→ **WHAT IS BEING ASKED**
Set the images aside and retype the whole listing exactly.

→ **AVAILABLE DATA**
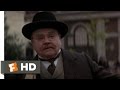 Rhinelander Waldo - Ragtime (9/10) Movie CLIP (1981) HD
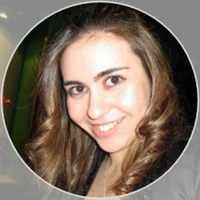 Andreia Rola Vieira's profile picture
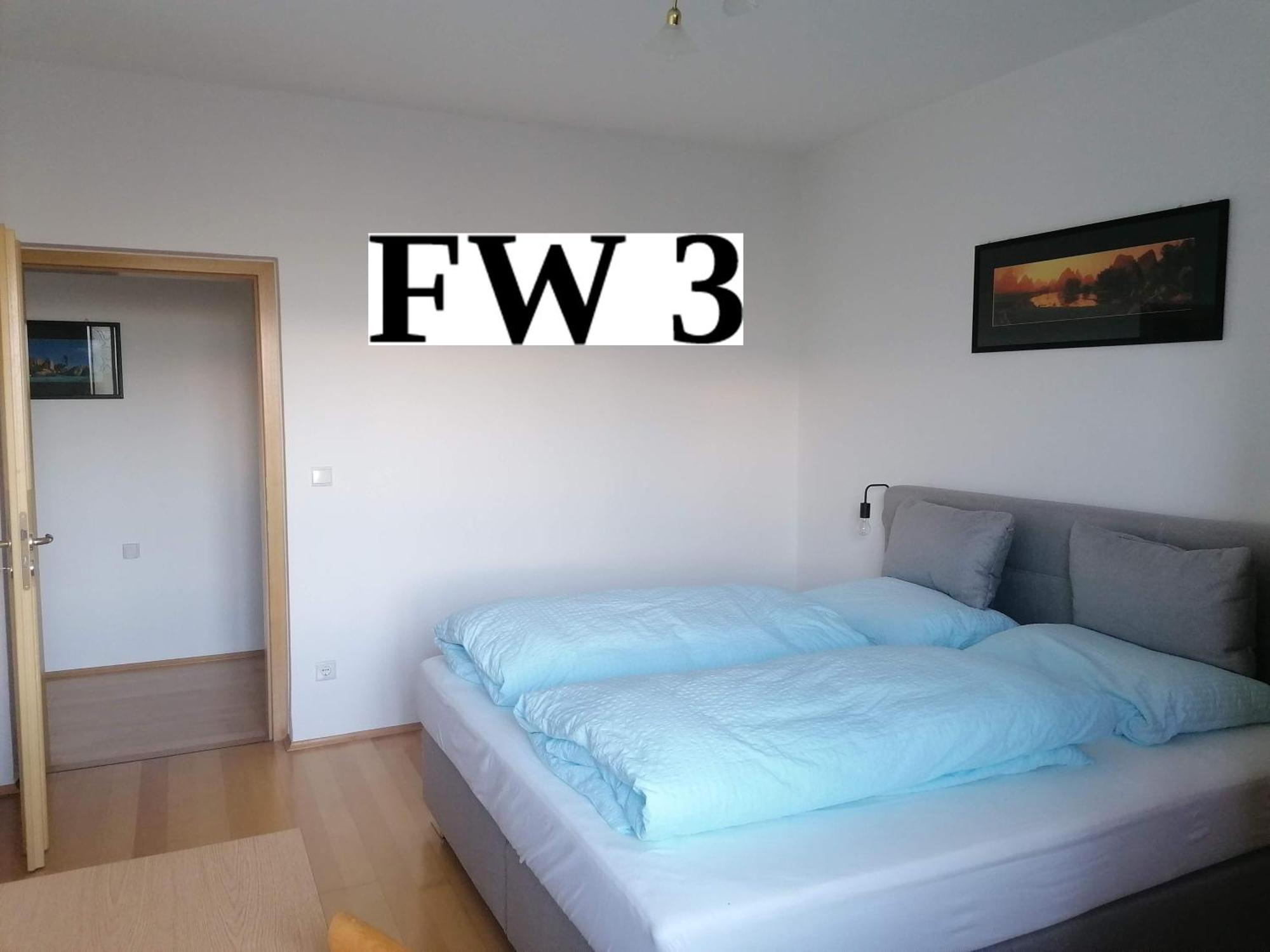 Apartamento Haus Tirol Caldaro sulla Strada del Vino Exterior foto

→ **FINISHED TASK**
 Rhinelander Waldo - Ragtime (9/10) Movie CLIP (1981) HD
 Andreia Rola Vieira's profile picture
 Apartamento Haus Tirol Caldaro sulla Strada del Vino Exterior foto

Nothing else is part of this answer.